# Öffenlicher Bereich > Thai Rezepte / Küche > Wursterzeugung DACH und Thailand >  Räuchern - Rehsalami

## Enrico

Nun gehen wir mal wieder ein Schritt weiter. Hatten seit Tagen auf dem Feld gegenüber des Gartens ein lahmendes Reh, scheinbar mal vom Auto angefahren worden, denn das Rudel geht oft unten an die Strasse. Zusammen mit dem zuständigen Revierförster, haben wir es heute Morgen erlöst. Nun habe ich zwei Keulen und ein großes Stück Rücken liegen. Werd ich morgen dann weiter zerlegen und bis dahin nach Rezepten suchen, was übrig bleibt kommt in den Tiefkühler   ::

----------


## TeigerWutz

_Tipp von einem Fleischer:_

Will man den typischen Wildgeschmack beibehalten, sollte man keine Gewürze verwenden. 
Beim Reh kann man aber gerne Wildgewürze (Lorbeer, Wacholder, Pfeffer) nehmen...... nur halt nix übertreiben.

Salz-Tipp:
1/3 Pökelsalz, 2/3 Kochsalz, eine handvoll brauner Zucker. Den Schinken dann gut einreiben und 1 Woche bei 10-12°C an der Luft ziehen lassen. 
Dann nochmal kräftg einreiben und nach einer Woche nochmal, falls das Stück etwas größer ist. 
Dann ein paar Tage durchbrennen lassen und anschließend gut wässern (6-12 Stunden, je nach Größe und Pökeldauer). 
Vor dem Räuchern dann noch ein oder ein paar Tage trocknen lassen.

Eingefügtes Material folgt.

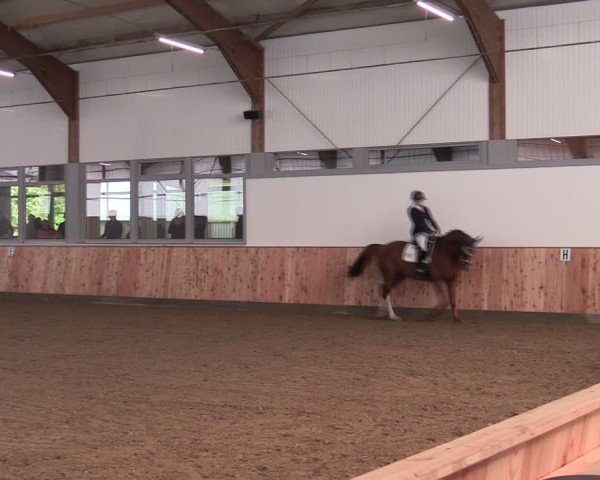 Reitturnier Albersloh 2024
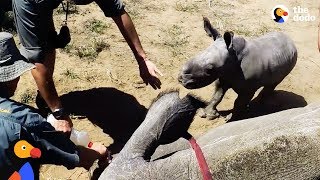 Baby Rhino Protects Mother and Supervises Her Care | The Dodo by The Dodo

Der so fabrizierte Wildschweinschinken (von 'nem Bekannten) ist recht gut geworden.

----------


## Enrico

Hm, müsste ja auch mit Reh gehen. Werds mal testen  ::

----------


## TeigerWutz

Jetzt les' ich erst > Rehsalami < willste machen!


Da haette ich ein rezept aus dem net...auch von nem metzker (eig. vom lehrherrn seinem opa!)

1Kg Hirsch oder Reh
1/2kg mageres Schweinfleisch
800gr Rückenspeck ohne Schwarte
80gr Pökelsalz
8Tl gemahlener weißer Pfeffer
2Tl Muskat
1Tl fein zerstoßene Wacholderbeeren
4 zerdrückte Knoblauchzehen
2cl Cognac
Fleisch und Speck in kleine Stücke schneiden 2 cm Kantenlänge und im Gefrierschrank leicht anfrieren. 
Das Wildfleisch durch 3mm Scheibe,Schweinefleisch durch 8mm Scheibe und den Speck durch10 mm Scheibe drehen
Gewürze und Salz zugeben und gut vermengen.
In Dünndärme füllen und gewünschte Länge abbinden.
Nach 2-3 tagen Trockenzeit die Wurst 5-6 Tage Kalträuchern

Jetzt passt's wieder   ::  

Bitte frag mich nicht, ob ich's schon probiert habe. 
Solch' rezepte funzen bei den thailaendischen temperaturen [kaltraeuchern] 100 pro nicht !

TW

----------


## Enrico

Genauso hab ich es auch gefunden und schon ausgedruckt. Testen wir mal.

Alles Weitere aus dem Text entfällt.